The DRG rate is the base rate under New Jersey’s system. A patient’s bill will have other components, and it is these components that the plans challenge as inconsistent with ERISA. Hospitals in New Jersey are required by law to provide treatment for patients who cannot pay their bills. N.J.Admin.Code 8:436-5.2(e). Emergency services for the indigent are required by federal law as well. Thus, one cost of doing business for New Jersey hospitals is the cost of providing “uncompensated care.” In order to pay for this care and to provide financial relief to those hospitals- that provide more than their share of uncompensated care, a state wide charge is added to the DRG, and the resulting revenue is distributed in proportion to the uncompensated care provided by each hospital.

An additional surcharge is designed to compensate hospitals for the losses they incur when treating patients covered by Medicare. Hospitals that treat Medicare patients can charge those patients only the amount allotted by the federal Medicare agency for the particular treatment provided. Medicare now provides reimbursement at levels below the DRG rates. To enable New Jersey hospitals to make up for the resulting revenue shortfall, the current New Jersey system allows hospitals to include in their billings to non-Medicare patients an amount necessary to recover the difference between the Medicare rate of payment and the DRG rate.

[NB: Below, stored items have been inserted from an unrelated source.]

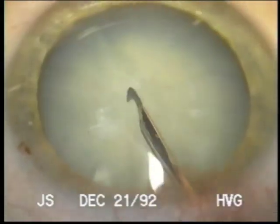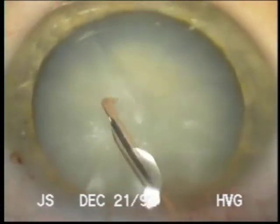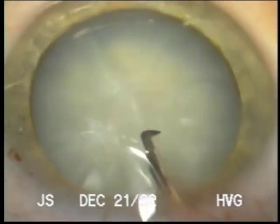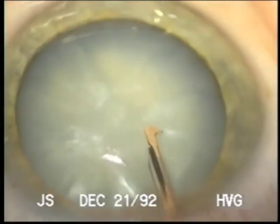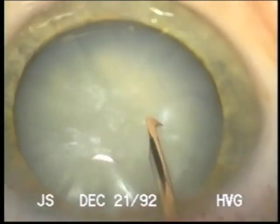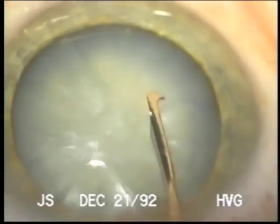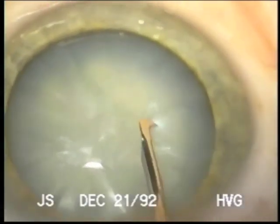The sub-incisional ones are the most difficult to tear in that direction. So you can see I'm pushing away from me. I've had a lot of young surgeons and residents say, well, what's a can opener capsulotomy?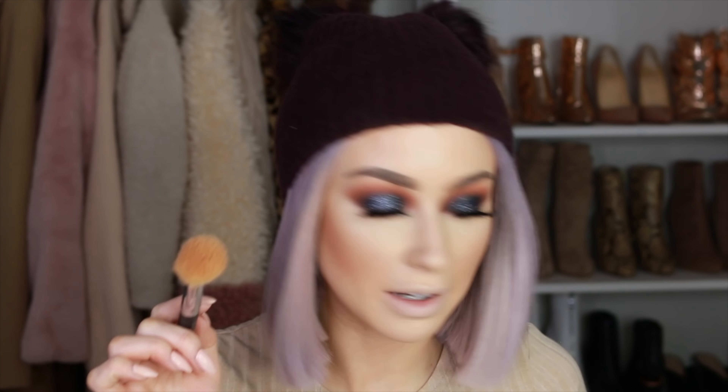Since I'm doing a nude lip with this eye, I'm adding some blush to give more color to my cheeks. I'm using the Marc Jacobs blush in Flesh and Fantasy — just adding a little bit of color to the cheeks.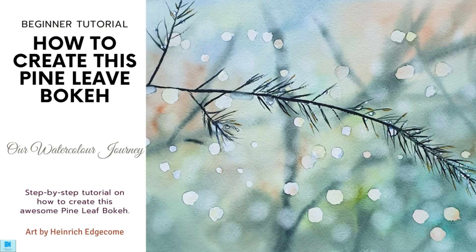Hello and welcome to our watercolor journey. Today Heinrich is going to do a step-by-step tutorial on how to create this awesome pine leaf bokeh.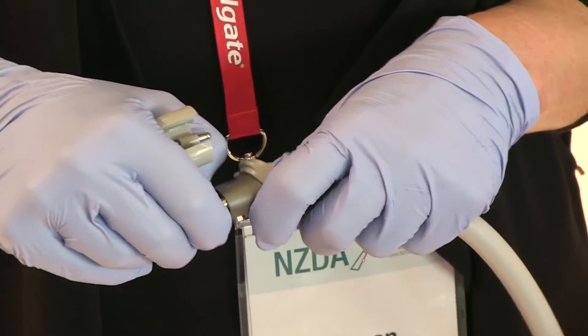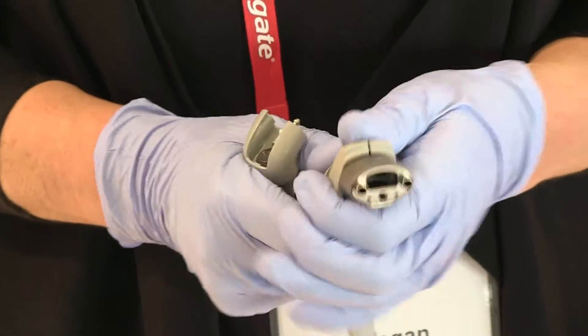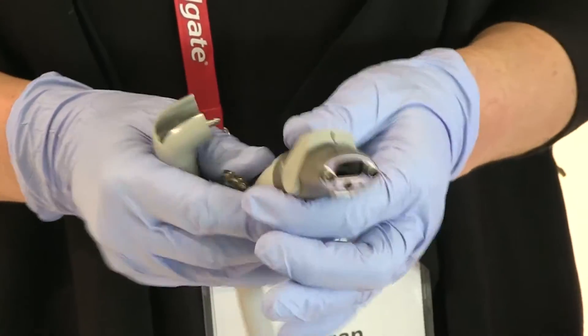This is a light guide, which is really the microprocessor — this is the brains of the whole piece. It's completely silicone molded, so it's safe in terms of sterilization and management, and it has a titanium head.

Chapter 83 also grants discounts to certain classes of payors. The relevant section provides in part:

All payment rates shall be equitable for each payor or class of payors without discrimination or individual preference except for quantifiable economic benefits rendered to the institution or to the health care delivery system taken as a whole. In addition to other such benefits which the commission may consider, it shall consider the following, if found to- be quantifiable: (1) degree of promptness and volume of payments to hospitals so that hospitals are provided with funds for current financing of their services; and (2) broad provision of health insurance coverages which are not self-supporting. In determining the quantifiable economic benefits to which consideration shall be given in approving payment rates, the commission may consider overall financial benefits to society *1190which are provided by programs offered by a payor or class of payors.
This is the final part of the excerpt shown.